Mais le tribunal n'a pas encore fini la lecture des chefs d'accusation (seulement six sur onze ont été énoncés), et surtout n'a pas encore fait état de l'examen des preuves. Enfin, il n'a pas encore formellement "reconnu" les accusés "coupables".
Pour le seul cas Apatit et notamment l'acquisition de 20% de son capital en 1994, représentant les accusations les plus graves, MM. Khodorkovski et Lebedev, qui plaident non coupables, sont passibles de dix ans de prison.
Au total, ils risquent jusqu'à 20 ans si les peines sont cumulées, à l'issue de ce procès de onze mois.
Le Parquet, lui, a requis 10 ans de prison. Et la plupart des experts s'attendent à une peine de cet ordre. Selon eux, les arguments de la défense, dénonçant un procès fabriqué, n'ont aucune chance d'être entendus.
Le verdict lui-même pourrait ne pas être annoncé avant plusieurs jours.
M. Khodorkovski, vêtu d'un jean, d'un polo noir et d'une veste vert foncé, a écouté très calmement l'énoncé du jugement, aux côtés de Platon Lebedev, dans la cage réservée aux accusés.

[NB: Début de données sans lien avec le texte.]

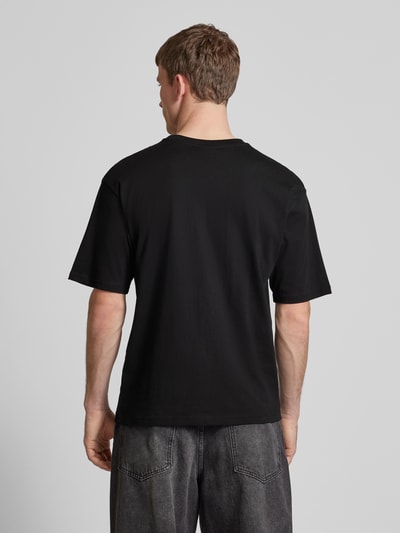 REVIEW T-Shirt mit Label-Print Black 5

De temps en temps, souriant, il adressait un salut de la main à sa femme Inna, et ses parents Marina et Boris, présents dans la salle.
"Pratiquement tous les citoyens du pays attendent le verdict du procès de Khodorkovski", soulignait lundi le quotidien Izvestia. "C'est un événement qui, sans exagérer, définira le sens du développement du pays pour de longues années".

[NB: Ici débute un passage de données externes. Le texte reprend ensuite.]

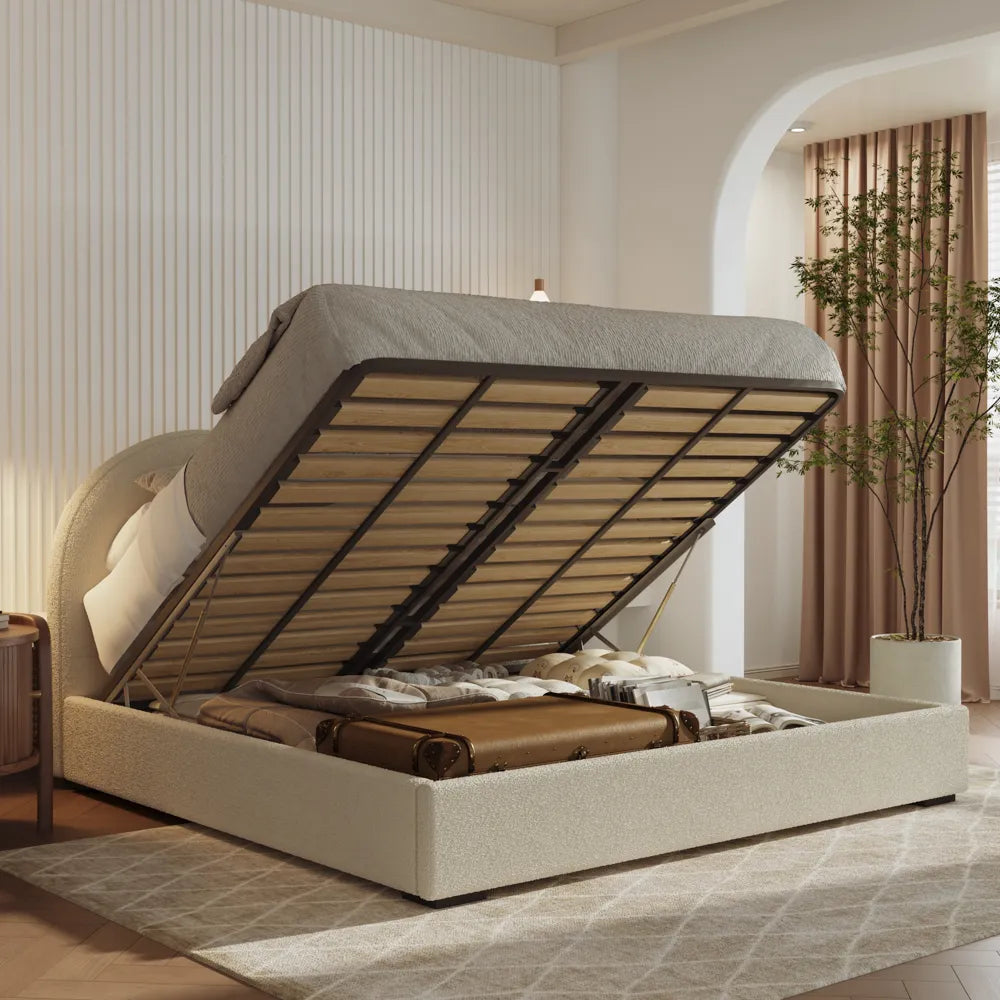 Cadre de lit King Size Cloud avec rangement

Quel que soit le jugement, condamnation ou libération de prison, il sera "la conséquence d'une instruction politique", estimait la société d'investissements UFG, alors que "l'affaire Ioukos" a fortement ébranlé la confiance des investisseurs, inquiets d'une utilisation politique et sélective de la justice.

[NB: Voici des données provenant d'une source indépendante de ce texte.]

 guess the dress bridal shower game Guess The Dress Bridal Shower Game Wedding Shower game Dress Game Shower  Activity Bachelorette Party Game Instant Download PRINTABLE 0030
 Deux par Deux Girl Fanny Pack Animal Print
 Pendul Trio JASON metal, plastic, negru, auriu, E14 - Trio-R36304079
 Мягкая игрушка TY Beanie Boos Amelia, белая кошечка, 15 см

Devant le tribunal Mechtchanski, quelque trois cents personnes s'étaient réunies lundi pour soutenir celui qui avant son arrestation en octobre 2003 était considéré comme l'homme le plus riche de Russie.
Un cordon de police très serré empêchait les manifestants d'approcher du bâtiment, et les forces spéciales les ont dispersés en milieu d'après-midi.
"Je pense que la peine sera lourde. Si elle avait dû être légère, elle aurait été prononcée" à la date prévue, a relevé la militante des droits de l'Homme Lioudmila Alexeeva, qui a tenu à se rendre devant le tribunal, comme d'autres personnalités, tel l'ancien champion d'échecs Garry Kasparov.
Initialement prévue pour le 27 avril, l'annonce de la sentence avait été repoussée sans explications. Les analystes avaient avancé des raisons diplomatiques, en soulignant que Vladimir Poutine recevait le 9 mai à Moscou tout le gratin international.